Turbofan engine health status prediction with heterogeneous ensemble deep neural networks
摘要
Aircraft turbofan engines undergo gradual performance degradation that, if left undetected, can compromise flight safety and increase maintenance costs. In this study, we propose a heterogeneous ensemble deep neural network (HEDNN) for multi-class health status prediction of real-life turbofan engines. Our methodology begins with the collection of 43,492 real operational records (2012–2024) from a dual-spool, variable geometry turbofan, each run sampled at a fixed throttle setting. We preprocess raw sensor outputs using a robust z-score (median absolute deviation) filter to remove outliers, apply a 35-sample moving median imputation to address 1,812 missing temperature entries, and eliminate any non-numeric artifacts. The cleaned dataset consisting of 97 predictive features after FADEC upgrade harmonization is partitioned into training (80%, n = 34 794) and testing (20%, n = 8 698) sets, and labeled into three health classes (no/low degradation, mid-life degradation, and advanced degradation) built upon performance margin (PMAR) and specific fuel consumption (SMAR) indices.
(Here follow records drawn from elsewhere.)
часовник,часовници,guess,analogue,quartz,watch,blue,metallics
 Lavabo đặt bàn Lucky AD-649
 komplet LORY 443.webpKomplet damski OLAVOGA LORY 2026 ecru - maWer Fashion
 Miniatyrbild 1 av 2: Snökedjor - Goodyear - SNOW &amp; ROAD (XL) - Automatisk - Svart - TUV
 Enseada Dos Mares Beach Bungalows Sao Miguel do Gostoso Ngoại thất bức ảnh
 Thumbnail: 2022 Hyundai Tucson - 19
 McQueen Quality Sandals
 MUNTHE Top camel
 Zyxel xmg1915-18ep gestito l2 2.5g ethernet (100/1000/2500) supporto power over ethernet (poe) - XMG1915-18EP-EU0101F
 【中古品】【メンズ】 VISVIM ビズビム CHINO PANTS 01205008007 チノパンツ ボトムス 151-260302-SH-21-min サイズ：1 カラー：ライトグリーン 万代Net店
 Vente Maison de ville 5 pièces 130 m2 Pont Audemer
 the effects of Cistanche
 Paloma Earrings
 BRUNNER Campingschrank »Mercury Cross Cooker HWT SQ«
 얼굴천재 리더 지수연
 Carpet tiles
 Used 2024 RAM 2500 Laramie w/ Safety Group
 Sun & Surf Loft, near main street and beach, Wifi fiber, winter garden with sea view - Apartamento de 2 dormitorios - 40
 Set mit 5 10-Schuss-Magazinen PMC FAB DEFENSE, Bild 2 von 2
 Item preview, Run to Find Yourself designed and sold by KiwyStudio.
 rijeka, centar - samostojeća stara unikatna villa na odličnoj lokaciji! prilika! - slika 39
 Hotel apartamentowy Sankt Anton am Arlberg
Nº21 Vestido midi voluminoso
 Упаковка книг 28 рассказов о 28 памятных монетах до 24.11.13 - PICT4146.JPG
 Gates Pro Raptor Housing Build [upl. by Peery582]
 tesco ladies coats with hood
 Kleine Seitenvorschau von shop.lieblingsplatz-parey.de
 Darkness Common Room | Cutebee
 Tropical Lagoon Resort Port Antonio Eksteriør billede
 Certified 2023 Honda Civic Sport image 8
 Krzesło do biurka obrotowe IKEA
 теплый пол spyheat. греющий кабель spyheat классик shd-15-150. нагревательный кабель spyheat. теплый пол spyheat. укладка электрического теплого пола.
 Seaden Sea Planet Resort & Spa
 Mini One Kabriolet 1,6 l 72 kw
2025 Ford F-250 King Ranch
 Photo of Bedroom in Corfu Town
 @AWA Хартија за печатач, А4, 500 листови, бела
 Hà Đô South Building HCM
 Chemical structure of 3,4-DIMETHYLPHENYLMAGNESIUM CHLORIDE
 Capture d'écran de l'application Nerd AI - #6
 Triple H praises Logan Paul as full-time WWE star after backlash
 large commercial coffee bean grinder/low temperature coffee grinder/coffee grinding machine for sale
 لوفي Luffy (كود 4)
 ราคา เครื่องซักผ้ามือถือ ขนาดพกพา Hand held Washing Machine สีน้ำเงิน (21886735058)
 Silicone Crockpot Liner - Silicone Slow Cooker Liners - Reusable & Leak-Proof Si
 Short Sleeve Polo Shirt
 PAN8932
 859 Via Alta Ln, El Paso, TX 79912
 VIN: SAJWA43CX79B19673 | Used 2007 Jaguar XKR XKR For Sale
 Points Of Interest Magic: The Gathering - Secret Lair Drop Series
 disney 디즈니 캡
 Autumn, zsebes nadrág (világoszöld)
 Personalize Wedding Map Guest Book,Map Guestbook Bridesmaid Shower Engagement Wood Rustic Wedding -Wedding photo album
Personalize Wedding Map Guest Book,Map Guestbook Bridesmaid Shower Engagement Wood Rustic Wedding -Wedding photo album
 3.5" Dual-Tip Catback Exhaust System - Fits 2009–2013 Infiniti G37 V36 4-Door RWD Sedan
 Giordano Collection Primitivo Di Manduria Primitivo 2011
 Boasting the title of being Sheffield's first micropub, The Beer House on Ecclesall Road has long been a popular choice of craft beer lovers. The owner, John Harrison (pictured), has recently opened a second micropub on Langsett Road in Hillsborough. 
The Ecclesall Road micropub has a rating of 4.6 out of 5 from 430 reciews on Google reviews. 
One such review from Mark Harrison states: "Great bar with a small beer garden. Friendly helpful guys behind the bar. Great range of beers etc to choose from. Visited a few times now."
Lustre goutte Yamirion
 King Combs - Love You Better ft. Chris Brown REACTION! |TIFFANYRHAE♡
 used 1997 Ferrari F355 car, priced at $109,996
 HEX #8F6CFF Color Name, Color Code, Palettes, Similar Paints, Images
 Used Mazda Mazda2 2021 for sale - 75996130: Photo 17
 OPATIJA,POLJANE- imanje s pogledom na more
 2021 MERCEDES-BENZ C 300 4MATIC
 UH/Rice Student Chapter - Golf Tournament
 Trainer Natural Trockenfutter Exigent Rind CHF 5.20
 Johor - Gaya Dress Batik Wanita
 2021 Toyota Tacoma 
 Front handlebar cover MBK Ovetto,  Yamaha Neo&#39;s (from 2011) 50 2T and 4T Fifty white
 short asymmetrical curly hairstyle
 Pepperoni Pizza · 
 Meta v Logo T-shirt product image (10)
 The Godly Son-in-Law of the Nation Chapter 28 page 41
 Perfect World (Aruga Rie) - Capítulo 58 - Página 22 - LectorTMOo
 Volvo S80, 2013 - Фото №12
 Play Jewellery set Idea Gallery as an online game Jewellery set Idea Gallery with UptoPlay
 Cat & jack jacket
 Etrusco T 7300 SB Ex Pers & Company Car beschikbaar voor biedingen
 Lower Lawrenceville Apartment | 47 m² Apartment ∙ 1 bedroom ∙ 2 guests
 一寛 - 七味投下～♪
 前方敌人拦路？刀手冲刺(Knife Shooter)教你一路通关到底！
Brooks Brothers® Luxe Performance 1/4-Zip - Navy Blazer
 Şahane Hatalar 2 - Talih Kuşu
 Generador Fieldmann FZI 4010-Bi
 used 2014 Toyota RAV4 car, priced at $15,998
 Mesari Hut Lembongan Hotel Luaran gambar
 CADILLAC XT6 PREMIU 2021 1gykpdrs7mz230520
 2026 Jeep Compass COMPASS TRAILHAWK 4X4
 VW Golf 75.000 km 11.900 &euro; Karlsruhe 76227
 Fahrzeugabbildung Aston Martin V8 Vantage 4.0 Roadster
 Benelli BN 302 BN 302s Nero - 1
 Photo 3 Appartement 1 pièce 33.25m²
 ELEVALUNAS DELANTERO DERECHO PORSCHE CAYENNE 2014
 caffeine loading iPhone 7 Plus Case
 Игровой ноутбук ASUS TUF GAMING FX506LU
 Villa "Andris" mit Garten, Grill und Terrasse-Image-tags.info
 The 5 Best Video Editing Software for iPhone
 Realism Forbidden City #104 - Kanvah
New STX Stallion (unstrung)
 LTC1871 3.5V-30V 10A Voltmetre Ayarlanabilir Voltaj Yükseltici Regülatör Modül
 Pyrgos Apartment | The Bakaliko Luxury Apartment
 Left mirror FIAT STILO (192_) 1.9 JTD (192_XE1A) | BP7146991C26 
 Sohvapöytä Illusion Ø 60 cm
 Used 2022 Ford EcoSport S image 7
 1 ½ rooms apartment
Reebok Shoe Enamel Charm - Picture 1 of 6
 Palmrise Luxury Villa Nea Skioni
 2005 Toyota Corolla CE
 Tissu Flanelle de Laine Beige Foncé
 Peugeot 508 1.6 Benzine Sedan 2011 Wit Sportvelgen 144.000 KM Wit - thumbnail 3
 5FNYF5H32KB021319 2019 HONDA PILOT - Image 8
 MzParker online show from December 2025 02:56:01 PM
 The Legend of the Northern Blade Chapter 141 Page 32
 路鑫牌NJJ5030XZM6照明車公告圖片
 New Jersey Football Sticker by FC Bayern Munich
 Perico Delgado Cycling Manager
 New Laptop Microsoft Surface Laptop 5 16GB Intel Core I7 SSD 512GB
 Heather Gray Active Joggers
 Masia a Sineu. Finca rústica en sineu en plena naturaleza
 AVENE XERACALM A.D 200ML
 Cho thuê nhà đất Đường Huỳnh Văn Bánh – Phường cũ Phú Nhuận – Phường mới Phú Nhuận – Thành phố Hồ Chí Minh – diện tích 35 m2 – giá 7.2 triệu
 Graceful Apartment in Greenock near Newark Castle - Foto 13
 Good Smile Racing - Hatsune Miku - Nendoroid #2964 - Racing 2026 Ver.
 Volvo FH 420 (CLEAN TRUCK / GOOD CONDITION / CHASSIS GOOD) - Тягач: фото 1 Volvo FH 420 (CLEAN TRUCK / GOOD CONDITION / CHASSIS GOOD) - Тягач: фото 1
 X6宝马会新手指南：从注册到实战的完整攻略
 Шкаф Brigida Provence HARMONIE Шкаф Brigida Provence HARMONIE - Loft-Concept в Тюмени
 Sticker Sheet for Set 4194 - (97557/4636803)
We engineer three base learners: bidirectional LSTM (128 hidden units), one-dimensional CNN (11 convolution normalization ELU blocks), and BiGRU (four GRU layers, custom flip/concatenate stages), each trained for up to 60 epochs, batch size 16, using the Adam optimizer with piecewise learning rate decay (initial η = 0.01). Individual networks produce class probability vectors that are fused in a shallow fully connected ensemble, finalized by softmax classification.
Performance is assessed via RMSE, MAPE, overall accuracy, precision, recall, F1 score, and multi-class AUC. The HEDNN achieves RMSE = 0.3421 (33–41% lower than any single model), MAPE = 4.78% (60–65% reduction), and accuracy = 95.32%, with F1 = 0.928 and mean AUC = 0.777. In contrast, the best individual learner (BiLSTM) reaches RMSE = 0.5149, MAPE = 12.17%, accuracy = 82.44%, and AUC = 0.717. These results demonstrate that our heterogeneous ensemble markedly outperforms standalone architectures, offering a robust, data-driven prognostic tool for predictive maintenance of turbofan fleets.